We also randomly picked our Q3 contest winner and visited the post-office one last time to send that off. The next quarter’s random prize is one of our green martian letterpressed notebooks. You can’t win if you don’t enter.

Week #188 has been spent mostly getting back on track, prepping meetings, sending email follow-ups, bookkeeping and planning for 02014Q4 and 02015Q1. We’ve spent some of this week preparing for the WebDagene conference in Oslo, Norway. Next month where we’ll be giving a talk about data visualizations and designing with data. Thursday, September 18th was also the night we all came together to watch Scotland cast their vote for independence! In the end, they voted to retain the Union. Now only time will tell if will be an equal union.

On the last day of the week, we put together a quick meeting for one of our more out-there ideas. If things go well, project mjólk should be VERY interesting to work on. First, today’s initial meeting is to gather all the interested parties in one room to see if it is worth pursuing. We’ll certainly know more for week #189.

In week #188 and I’m sure #189, we’ll seen more and more photos of our Analog.is notebooks arriving to happy homes. So far the response has been amazing. We’re thrilled with all the photos and are looking forward to even more feedback, photos and stories.

Tonight, we head out into the countryside for the weekend to teach a course at Bifröst University. It is the second time we’ve taught the course and hopefully it will continue to grow.

Over the last four weeks, we’ve had relatively few meetings which is changing now that all the major deadlines have calmed down a bit. The dConstruct talk is done, Kickstarter shipping is completed, Vísar survey started all big events wrapping up simultaneously!

Bric-à-brac

In the last four weeks, we learnt a new word: Holometer. This is a super sensitive tool attempting to find holographic fluctuations in space and time. The theory is that we are living on a 2D hologram rather than our 4D world. This experiment will determine if the single beam, split in two has any fluctuation when they are recombined.

Over the last four weeks, we had loads of earthquakes underneath the volcano Barðabunga. Luckily for the rest of Europe, it didn’t erupt from under the glacier causing another massive ash cloud, but instead broke out north of Vatnajökull in the highlands. It has been erupting for a few weeks now with no sign up letting-up. Snorri, who we share an office with, managed to take these amazing photos of the eruption.

In some more out-of-this-world news these weeks, we saw the Rosetta satellite take a photo of itself with the comet it orbits in the background. After many, many years the satellite caught-up to the comet and is now in orbit with it, currently searching for a good place to land!
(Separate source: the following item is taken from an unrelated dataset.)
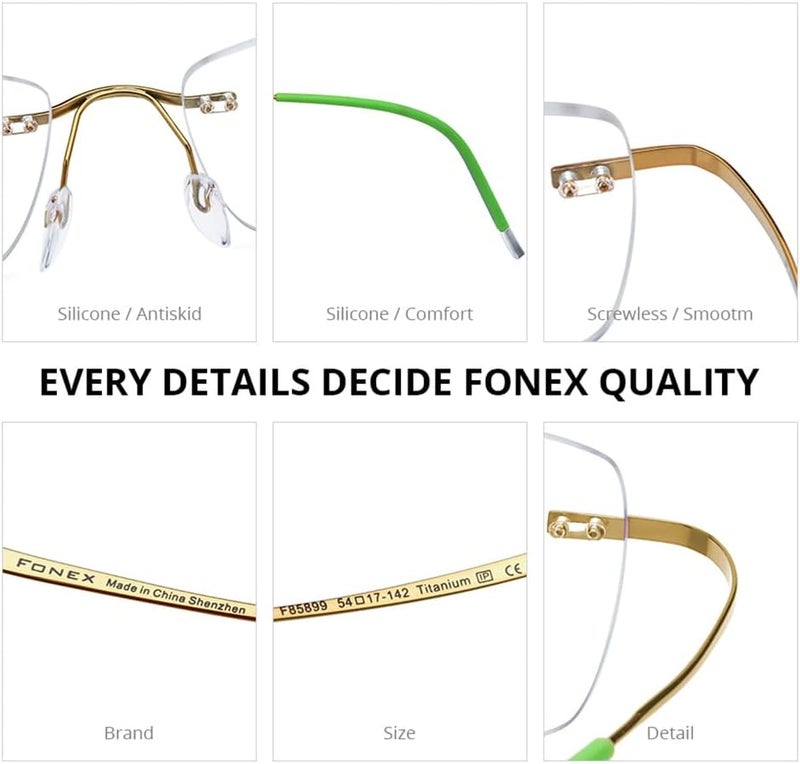 FONEX Titanium Glasses Frame,Rimless Frameless Optical Eyewear Eyeglasses for Men and Women F85634 - Image 4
That will happen in November of this year.

Continuing with outer space, we also watched a public auction of some old Soviet ear space equipment. One of the items was a spacesuit for a test-dog. The final selling price was 14,000 Euros. That’s one expensive halloween costume for your pet!

In other bizarre news, we found a link to a new Japanese hamburger which is nearly all black! Burger king in Japan launched the Kuro Burger. It has an all black bun, black cheese made from bamboo ash and grilled onions in black squid ink. It even has black pepper in the paddy.

Wrapping-up with some amazing cartographic fun facts. The longest distance you can travel in a straight line, by sea, without touching land is probably much further than you think. We tend to think of the globe in a fixed position and therefore draw straight lines from point to point, but in reality, we can rotate the sphere so any arbitrary point is “up”. This is part of the great-circle distances, where the shortest route may be an arc.

We found these images on Tumblr and they made us think differently about how we actually see our own world. What we consider “up” is arbitrary and we shouldn’t forget that!